━━━━━ Working data ━━━━━
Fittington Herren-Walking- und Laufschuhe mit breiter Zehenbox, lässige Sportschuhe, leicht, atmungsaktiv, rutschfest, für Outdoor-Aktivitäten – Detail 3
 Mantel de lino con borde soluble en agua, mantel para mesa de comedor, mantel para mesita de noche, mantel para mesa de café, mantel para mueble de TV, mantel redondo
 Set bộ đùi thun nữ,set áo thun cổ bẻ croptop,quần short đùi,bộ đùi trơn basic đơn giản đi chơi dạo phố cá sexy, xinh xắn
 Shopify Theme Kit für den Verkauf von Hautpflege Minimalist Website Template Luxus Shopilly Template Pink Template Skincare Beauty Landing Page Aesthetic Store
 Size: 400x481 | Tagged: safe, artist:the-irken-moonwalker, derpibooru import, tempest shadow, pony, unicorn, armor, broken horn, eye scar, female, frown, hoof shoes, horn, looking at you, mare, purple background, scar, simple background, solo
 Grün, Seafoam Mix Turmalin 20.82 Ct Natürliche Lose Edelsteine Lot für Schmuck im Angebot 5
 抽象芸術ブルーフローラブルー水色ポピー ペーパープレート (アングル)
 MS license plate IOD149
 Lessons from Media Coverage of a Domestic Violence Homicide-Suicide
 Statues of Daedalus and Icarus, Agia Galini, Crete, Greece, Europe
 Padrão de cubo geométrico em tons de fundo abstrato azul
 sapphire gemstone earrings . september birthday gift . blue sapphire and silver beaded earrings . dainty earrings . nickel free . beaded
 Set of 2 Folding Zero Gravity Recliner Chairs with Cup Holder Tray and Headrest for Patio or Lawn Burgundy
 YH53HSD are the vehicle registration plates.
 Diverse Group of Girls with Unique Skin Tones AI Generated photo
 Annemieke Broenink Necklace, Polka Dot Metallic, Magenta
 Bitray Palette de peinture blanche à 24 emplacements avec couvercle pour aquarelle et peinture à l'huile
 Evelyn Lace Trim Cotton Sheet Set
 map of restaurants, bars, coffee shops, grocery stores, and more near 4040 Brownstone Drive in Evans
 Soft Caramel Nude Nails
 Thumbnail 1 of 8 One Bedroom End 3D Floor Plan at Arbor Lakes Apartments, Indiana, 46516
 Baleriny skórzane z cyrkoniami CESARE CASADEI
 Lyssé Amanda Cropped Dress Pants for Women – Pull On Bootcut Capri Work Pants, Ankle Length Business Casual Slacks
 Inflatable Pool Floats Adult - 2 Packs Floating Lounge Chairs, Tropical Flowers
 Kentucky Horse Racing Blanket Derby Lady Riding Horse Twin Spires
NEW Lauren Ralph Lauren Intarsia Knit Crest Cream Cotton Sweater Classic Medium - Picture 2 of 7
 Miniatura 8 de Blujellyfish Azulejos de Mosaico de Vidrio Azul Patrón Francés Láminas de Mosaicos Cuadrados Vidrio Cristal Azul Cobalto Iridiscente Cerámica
━━━━━
• **Problem to work on**: Lines before the one containing "Annemieke Broenink Necklace, Polka" are to be left out; that line and every line after it through the end of the data should be copied exactly.

• **Answer to this task**:
 Annemieke Broenink Necklace, Polka Dot Metallic, Magenta
 Bitray Palette de peinture blanche à 24 emplacements avec couvercle pour aquarelle et peinture à l'huile
 Evelyn Lace Trim Cotton Sheet Set
 map of restaurants, bars, coffee shops, grocery stores, and more near 4040 Brownstone Drive in Evans
 Soft Caramel Nude Nails
 Thumbnail 1 of 8 One Bedroom End 3D Floor Plan at Arbor Lakes Apartments, Indiana, 46516
 Baleriny skórzane z cyrkoniami CESARE CASADEI
 Lyssé Amanda Cropped Dress Pants for Women – Pull On Bootcut Capri Work Pants, Ankle Length Business Casual Slacks
 Inflatable Pool Floats Adult - 2 Packs Floating Lounge Chairs, Tropical Flowers
 Kentucky Horse Racing Blanket Derby Lady Riding Horse Twin Spires
NEW Lauren Ralph Lauren Intarsia Knit Crest Cream Cotton Sweater Classic Medium - Picture 2 of 7
 Miniatura 8 de Blujellyfish Azulejos de Mosaico de Vidrio Azul Patrón Francés Láminas de Mosaicos Cuadrados Vidrio Cristal Azul Cobalto Iridiscente Cerámica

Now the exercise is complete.